Parsing file data

silverdust · February 16, 2013, 6:37pm

Hey Guys,

I'm a novice at shell scripts and i need some help parsing file data.

Basically, I want to write a script that retrieves URLs.

Here is what I have so far.

#!/bin/bash

echo "Please enter start date (format: yyyy-mm-dd):\c"
read STARTDATE
echo "Please enter end date (format: yyyy-mm-dd):\c"
read ENDDATE
wget -O filename download_location

So this downloads a page from download_location and saves it as filename. I need to parse the downloaded page and retrieve the URLs. Below is a small snippet of the data I'm parsing:

<a title='http://149.47.192.185/b6caba9f46bef1d14f/w.php'<nobr><center>2013-02-16 21:56:52</center></nobr></td><td align='center'><b>0 / 2</b></td><td><a title='http://199.204.210.238/eda89353bf8789202d999ee8e832c/w.php'

The url is after "a title=" and is enclosed in single quotes ('url_here'). I want to grab the data enclosed in the quotes and discard the rest.
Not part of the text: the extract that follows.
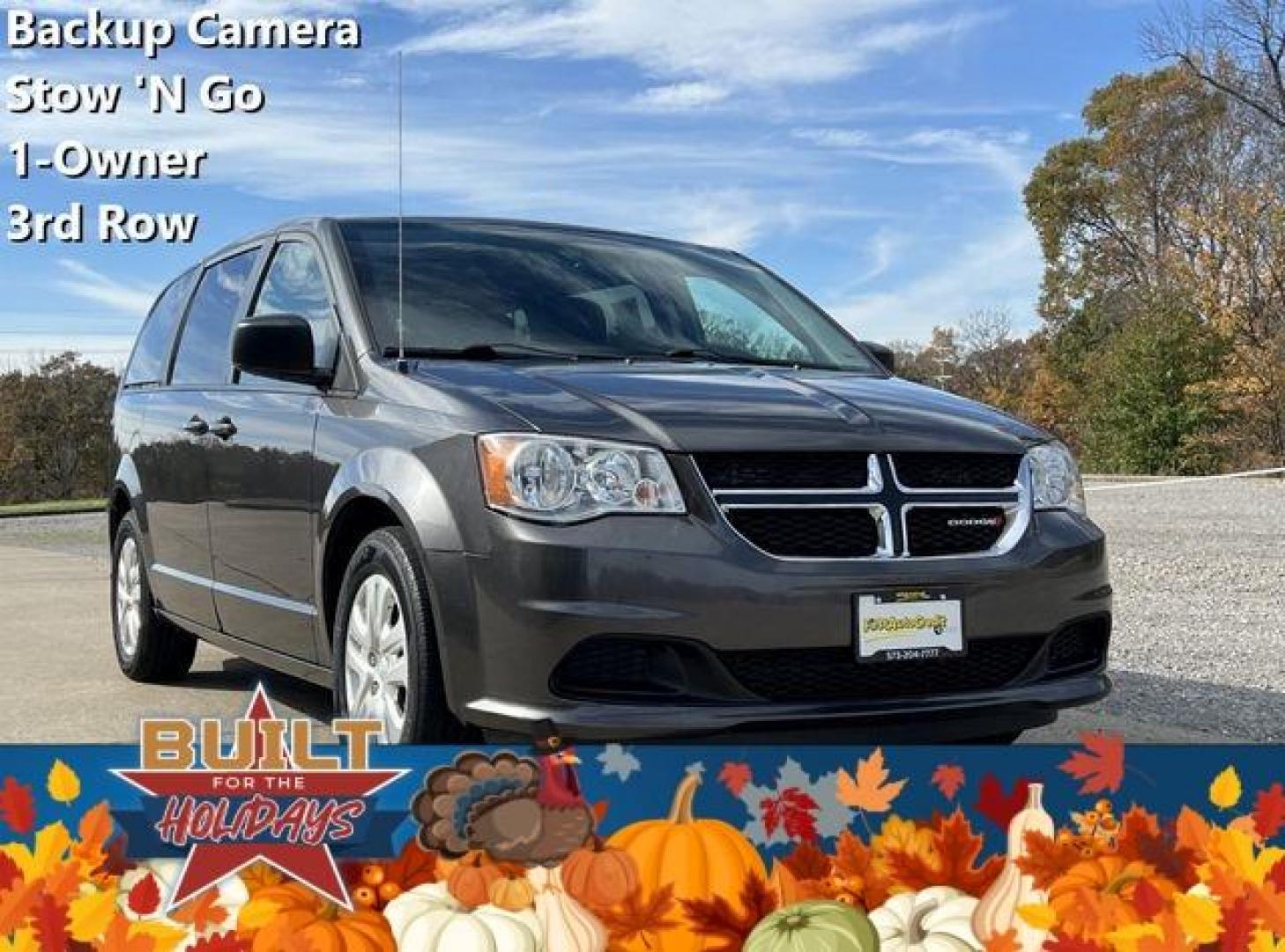 2018 GRAY /Black DODGE GRAND CARAVAN SE (2C4RDGBGXJR) with an 3.6L engine, Automatic transmission, located at 2990 Old Orchard Rd., Jackson, MO, 63755, 37.354214, -89.612106 - Photo#0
Thanks for your help, I'm really bad at this stuff.

Yoda · February 16, 2013, 6:50pm

awk -F'=' ' {
                for(i=1;i<=NF;i++) {
                        if($i ~ /a title/) {
                                url=$(i+1);
                                gsub(/'\''| .*/,x,url);
                                print url;
                        }
                }
}' filename

silverdust · February 16, 2013, 6:55pm

hi bipinajith,

Thanks for your quick response. I don't suppose you could explain this a bit to me so I could understand what's going on here? Sorry, I'm new to scripting.

Also:
What is NF?
What does the ~ represent?

Thank you.

Yoda · February 16, 2013, 7:02pm

Here is the explanation of code:

awk -F'=' '                                     # Set = sign as field separator.
{
        for(i=1;i<=NF;i++)                      # for i <= NF ( NF is a special variable in awk and it means number of fields in the current record )
        {
                if($i ~ /a title/)              # if $i ~ /a title/ ( ~ operator matches a pattern or regex )
                {
                        url=$(i+1);             # Set variable: url = $(i+1) which is next field value
                        gsub(/'\''| .*/,x,url); # Remove single quotes and everything followed by blank space from url variable value
                        print url;              # Print value of variable: url
                }
        }
}' filename

Check awk manual pages for further reference:

man awk

silverdust · February 17, 2013, 12:11am

Thanks a lot!

---------- Post updated 02-17-13 at 01:11 AM ---------- Previous update was 02-16-13 at 08:04 PM ----------

Sorry, one more question for you.

Suppose that I have URLs that have parameters which include a '='. Since the previous code separates fields with a equals(=), my URLs are wrong.

How could I fix this?

Yoda · February 17, 2013, 12:28am

Set single quotes ' as field separator instead of equal to = and see if it works.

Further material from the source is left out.